Virtual classes and classrooms vary from school to school, and are often met with mixed reactions. According to recent research, virtual learning can be a tradeoff: while students with disabilities may, in some cases, benefit from attending classes in a more comfortable at-home environment, other students have suffered from auditory and visual difficulties.
5. Watch for Signs of Bullying
It’s a problem as old as time, and, unfortunately, bullying remains a major issue in schools today. According to the U.S. Department of Health and Human Services, children with disabilities such as cerebral palsy are at a higher risk of being bullied by classmates.
The non-profit organization Stomp Out Bullying has helpfully identified a list of signs that may indicate your child is being bullied at school. Note if your child:
- Comes home with torn, damaged, or missing pieces of clothing, books, or other belongings
- Displays or attempts to hide unexplained cuts, bruises, and scratches
- Seems afraid of going to school, walking to and from school, riding the school bus, or taking part in organized activities with peers
- Finds or makes up excuses as to why they can’t go to school
- Has lost interest in school work or suddenly begins to do poorly in class
- Appears sad, moody, teary, or depressed when he or she comes home
- Experiences a loss of appetite
- Appears anxious or suffers from low self-esteem
If your child displays any of these signs it’s best to talk with them and with the school staff as soon as possible to learn more about what’s going on — and about any potential solutions.
6. Listen to Your Child Above All Else
Perhaps nobody knows your child as well as you do — and your role as their biggest advocate cannot be understated. However, while it can be tempting to think that you always know what is best, it’s likely your child will let you know what their limitations, goals, and hopes are. The best way to understand what drives your child is by simply listening to them.
You may ask yourself:
- What does my child really enjoy? What are they good at?

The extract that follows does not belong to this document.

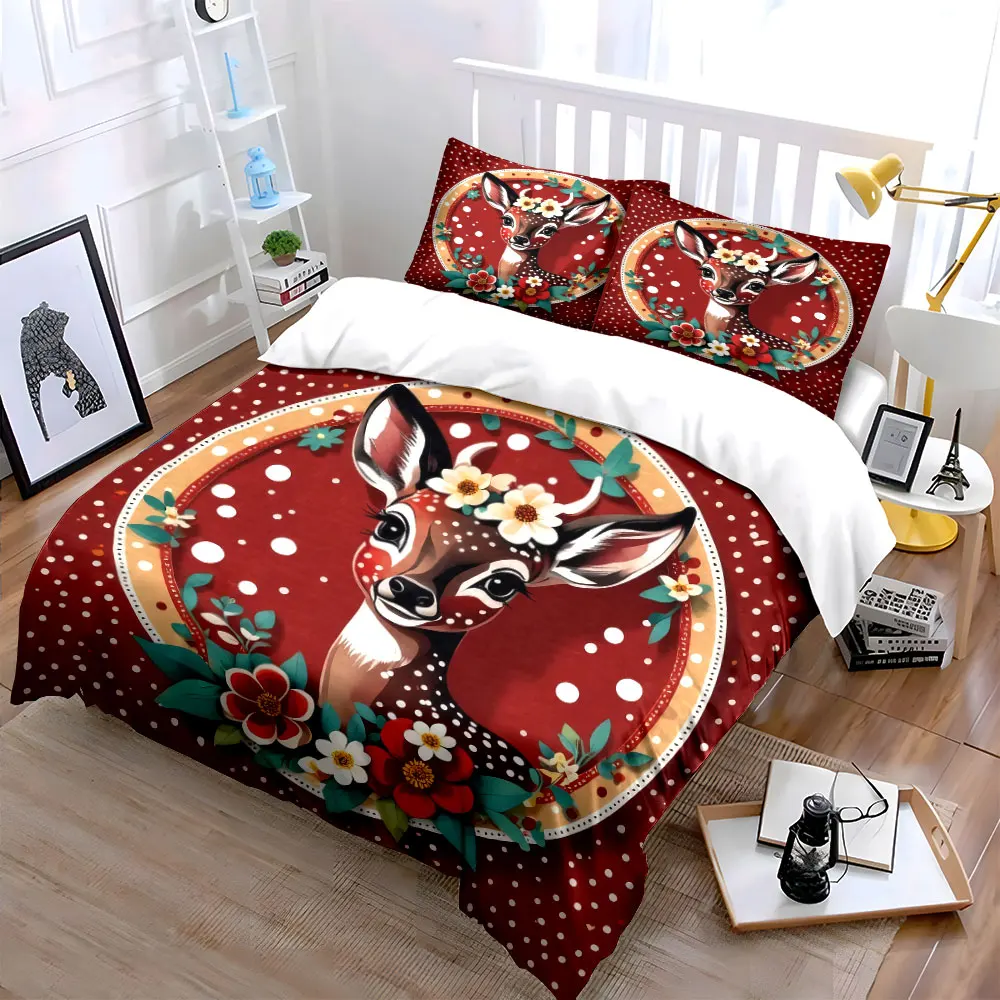 Floral Deer Art Decor Set Soft Skin-Friendly Bedding Set Includes 1 Duvet Cover And 2 Pillowcase, Gift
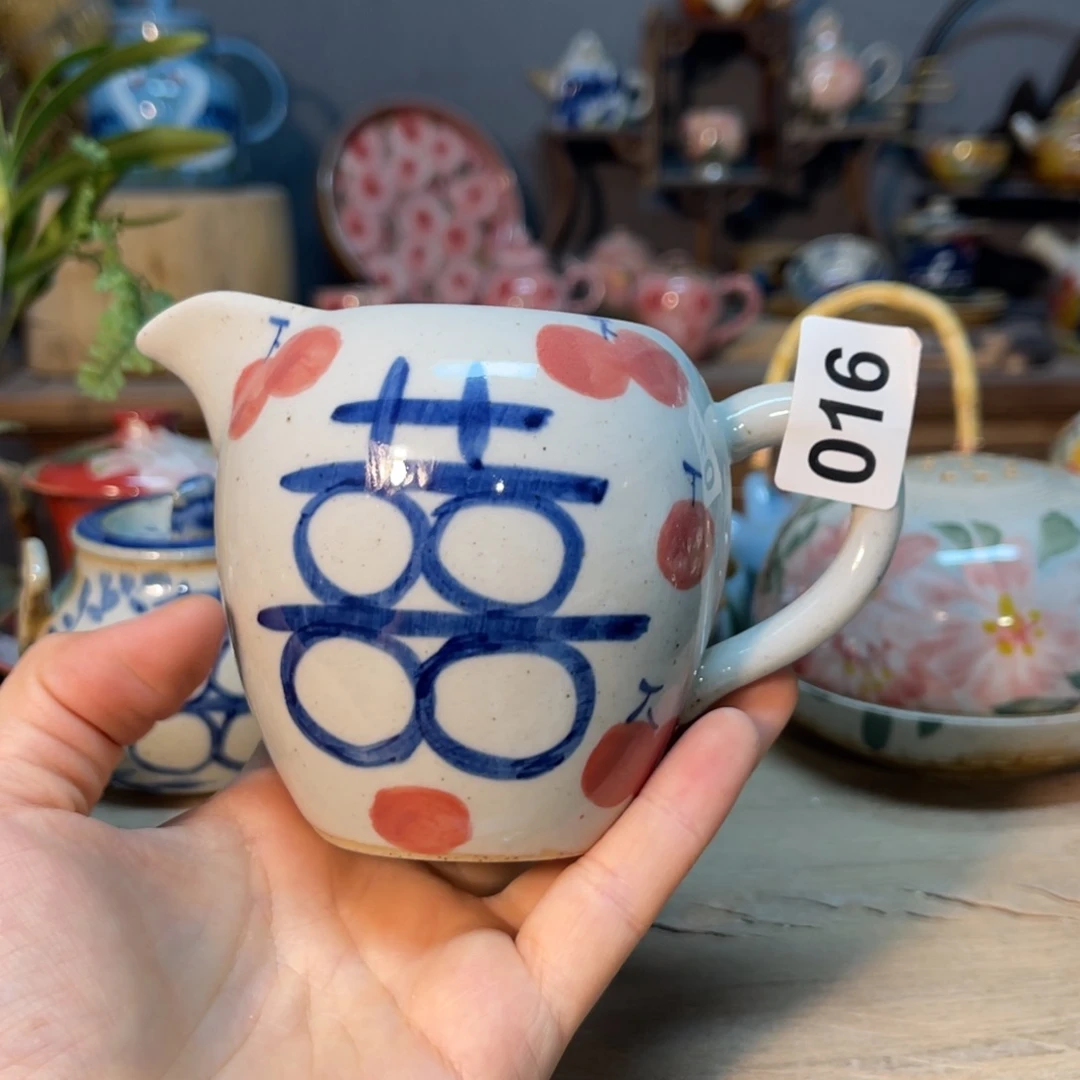 壶素浅陶瓷手工手绘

- What does my child avoid or shy away from?
- What learning method(s) does my child embrace?
- How well does my child work/play with others?
Knowing the answers to these questions — and others — will help you better understand what obstacles your child faces and how you can help them overcome them. Listening to your child is of the utmost importance when it comes to putting them in the best position to learn effectively and enjoy their time in school.